Pas de panique non plus dans l’immobilier. Le nombre de transactions baisse depuis avril, mais les prix n’ont cessé d’augmenter que récemment. Le président de l’Association néerlandaise des agents immobiliers (NVM), Gert Hukker, ne voit pas là de sérieux motifs d’inquiétude. « La pénurie structurelle de logements dans notre pays trop petit pour sa population va maintenir les prix à un niveau stable, contrairement à l’Espagne ou à la Grande-Bretagne », explique-t-il.

Face à la crise, le plus grand syndicat du pays a proposé fin octobre d’assouplir les licenciements !

Les ménages rassurés.Les banques, elles aussi, paraissent moins exposées qu’ailleurs à la crise du crédit, dans la mesure où le tiers des -ménages occupe des logements sociaux. Le pays ne compte que 54 % de propriétaires, contre 58 % en France et 71 % en Grande--Bretagne. Les ménages se montrent par ailleurs rassurés par le filet de protection offert par la Banque centrale (DNB), qui a relevé le 9 octobre son niveau de protection de l’épargne, passé de 20 000 à 100 000 euros.

« Notre économie est largement axée sur la réexportation, rappelle de son côté l’économiste Michiel Vergeer. Cette activité ne faiblit pas, malgré les doutes sur la demande américaine. » Grâce notamment au port de Rotterdam et à l’aéroport de Schiphol. Le gouvernement prévoit une croissance des exportations de 4,75 % en 2009, contre 6,5 % en 2008. « Les carnets de commandes sont pleins », rappelle le ministre des Finances, Wouter Bos. Un homme qui, grâce à son rôle de sauveur des grandes banques et des épargnants, voit sa cote de popularité nettement remonter dans les sondages. Wouter Bos, qui est aussi le chef du Parti travailliste, membre de la coalition de centre gauche au pouvoir, profite également de la crise pour moraliser le climat des affaires.

Dans le premier pays à avoir adopté une fiscalité spéciale, le 9 septembre, pour limiter les revenus des grands patrons, les mesures se multiplient contre les salaires excessifs (voir encadré ci-dessous). Les dirigeants d’ING ont dû renoncer à leurs primes en échange du-filet de sécurité étatique offert le 20 octobre. Michel Tilmant, le P-DG d’ING, était jusqu’à présent connu pour être l’un des grands patrons les mieux payés des Pays-Bas (2,3 millions d’euros de bonus en 2007, en plus d’un salaire annuel de 1,3 million). Il a accepté de se soumettre, ainsi que ses directeurs, à une nouvelle politique de rémunération.

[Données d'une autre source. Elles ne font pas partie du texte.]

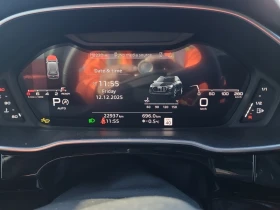 Audi Q3 * TECHNIK * CARFAX * БЕЗ ПЪРВОНАЧАЛНА ВНОСКА - 66350 лв. / 33924.22 € - 18399125 8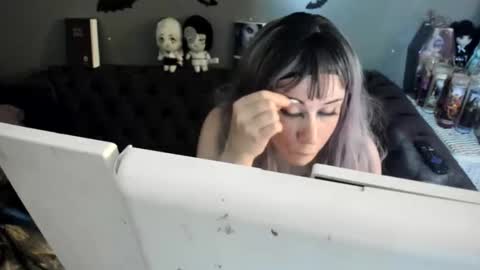 Sugary online show from 04-09-26, 08:31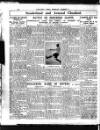 Athletic News Monday 01 March 1926 Page 16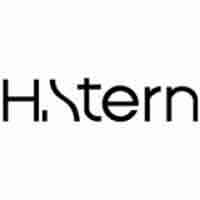 Jovem Aprendiz H Stern Tem Vagas Abertas 1 Jovem Aprendiz H Stern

Les primes vont désormais dépendre des performances de la banque et ne pourront en aucun cas dépasser le salaire annuel.

Ces mesures sont applaudies, dans un pays qui tient à un certain égalitarisme et qui se découvre unanime sur le rôle joué par l’État face à la crise. Le fameux modèle des polders fonctionne encore : face à la crise comme devant les risques d’inondation, le réflexe consiste à faire front commun. Aussi la plus grande centrale du pays, la Fédération des syndicats néerlandais (FNV), a-t-elle proposé fin octobre d’assouplir les licenciements, une mesure réclamée en vain par le patronat depuis plusieurs années ! « Il s’agirait de permettre aux entreprises de mettre des salariés de côté pendant quelques semaines, sans surcharge financière », explique Félix Alejandro, le porte-parole de la FNV. L’État a accepté le 11 novembre de verser 70 % du manque à gagner pour les salariés, les employeurs prenant en charge les 30 % restants. L’objectif : préserver les secteurs les plus fragiles de l’industrie (manufactures, pièces détachées, automobile). Impensable ailleurs, ce compromis découle du pragmatisme néerlandais : dans un pays où les procédures de licenciement, longues et coûteuses, doivent passer par un tribunal, les syndicats ont toujours bloqué toute réforme. Aujourd’hui, ils cèdent du terrain parce qu’il en va de l’intérêt général.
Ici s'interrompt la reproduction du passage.